* **DATA FOR ANALYSIS**
- Opening Delimiter -
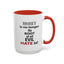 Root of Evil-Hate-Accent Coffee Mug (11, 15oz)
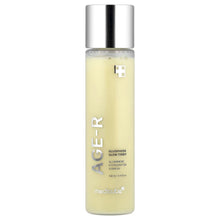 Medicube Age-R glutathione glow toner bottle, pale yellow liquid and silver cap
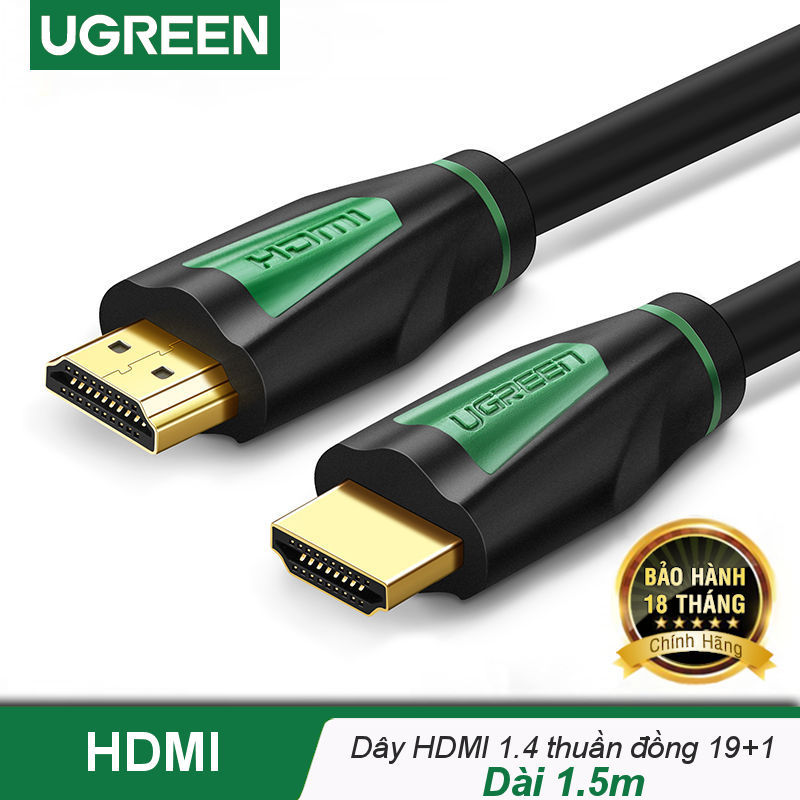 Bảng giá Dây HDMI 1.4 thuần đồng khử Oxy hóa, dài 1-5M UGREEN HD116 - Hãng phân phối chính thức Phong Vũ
- Closing Delimiter -
- Opening Delimiter -
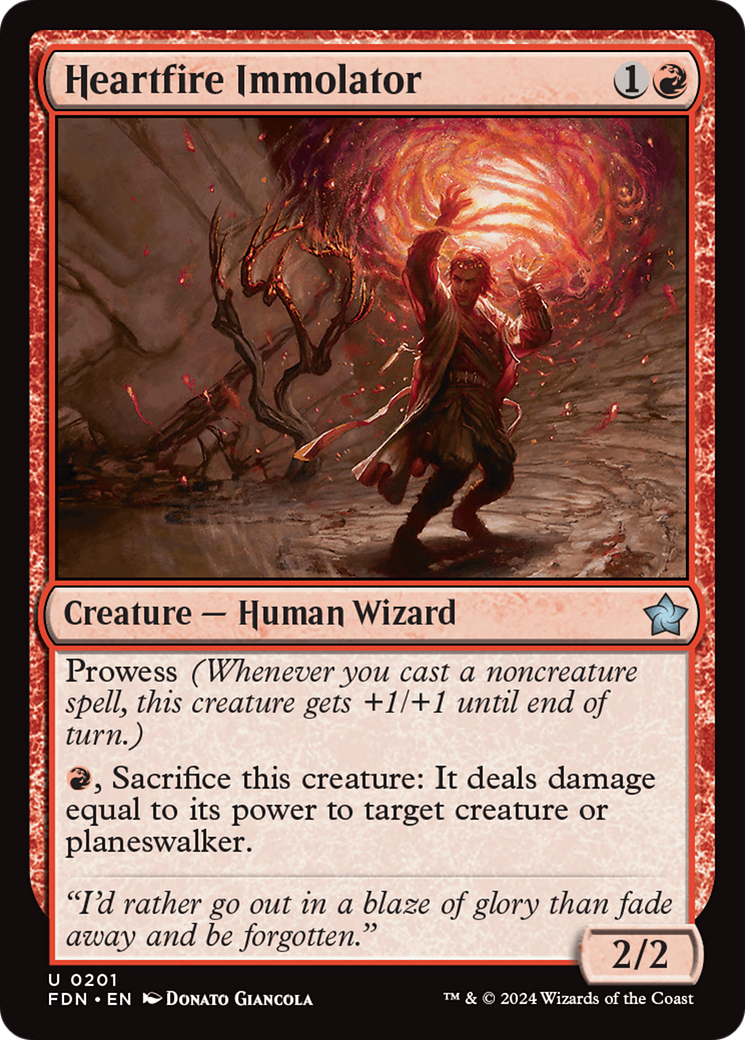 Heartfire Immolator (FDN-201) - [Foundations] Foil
- Closing Delimiter -
- Opening Delimiter -
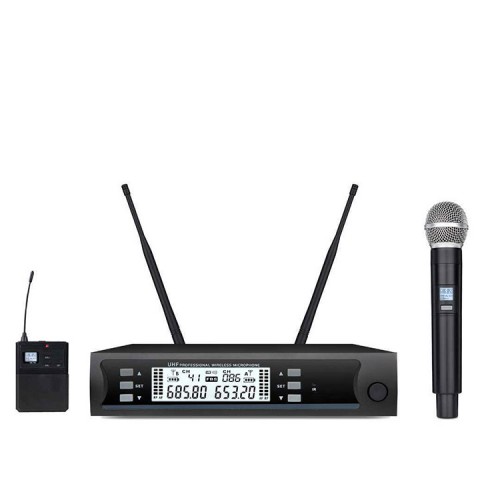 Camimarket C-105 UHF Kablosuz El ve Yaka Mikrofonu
- Closing Delimiter -
* **WORK INSTRUCTIONS**
Copy exactly the lines of the listing above between the one holding "Medicube Age-R glutathione" and the one holding "Bảng giá Dây", inclusive; omit all pictures.

* **EXPECTED ANSWER**
 Medicube Age-R glutathione glow toner bottle, pale yellow liquid and silver cap
 Bảng giá Dây HDMI 1.4 thuần đồng khử Oxy hóa, dài 1-5M UGREEN HD116 - Hãng phân phối chính thức Phong Vũ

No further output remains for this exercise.